REQUIREMENT :: Among the entries below, find the line with "NFL : Vince Young", then quote it and each following line up to and including the line with "1-2 Woodson Bend Resort Bronston KY 42518", and nothing else.
+++ WORKING DATA +++
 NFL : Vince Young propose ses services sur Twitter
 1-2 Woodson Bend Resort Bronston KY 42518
+++
+++ WORKING DATA +++
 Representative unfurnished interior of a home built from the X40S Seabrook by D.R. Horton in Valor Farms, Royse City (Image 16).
+++
+++ WORKING DATA +++
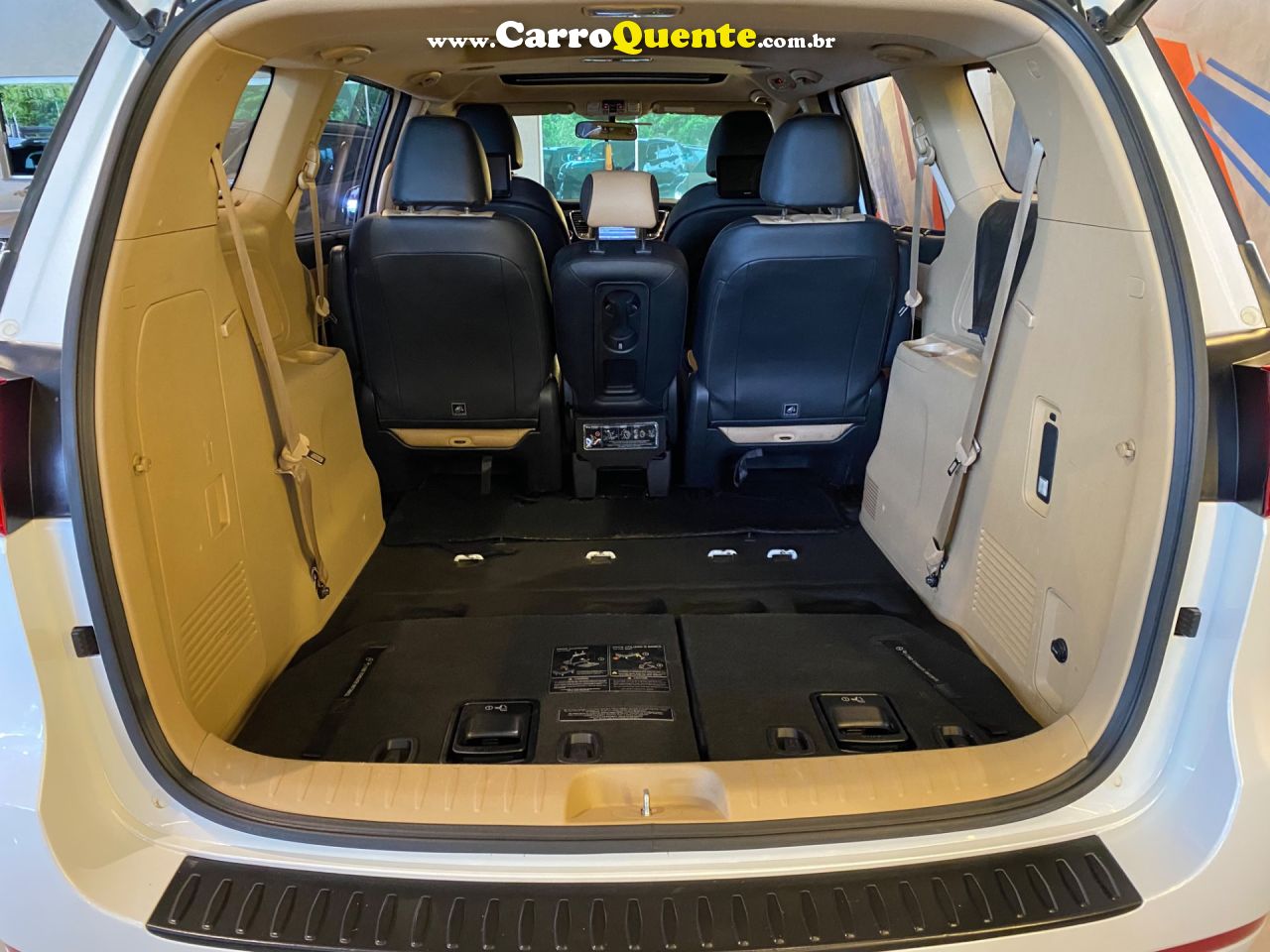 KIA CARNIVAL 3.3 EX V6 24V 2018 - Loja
+++
RESULT BELOW ::
 NFL : Vince Young propose ses services sur Twitter
 1-2 Woodson Bend Resort Bronston KY 42518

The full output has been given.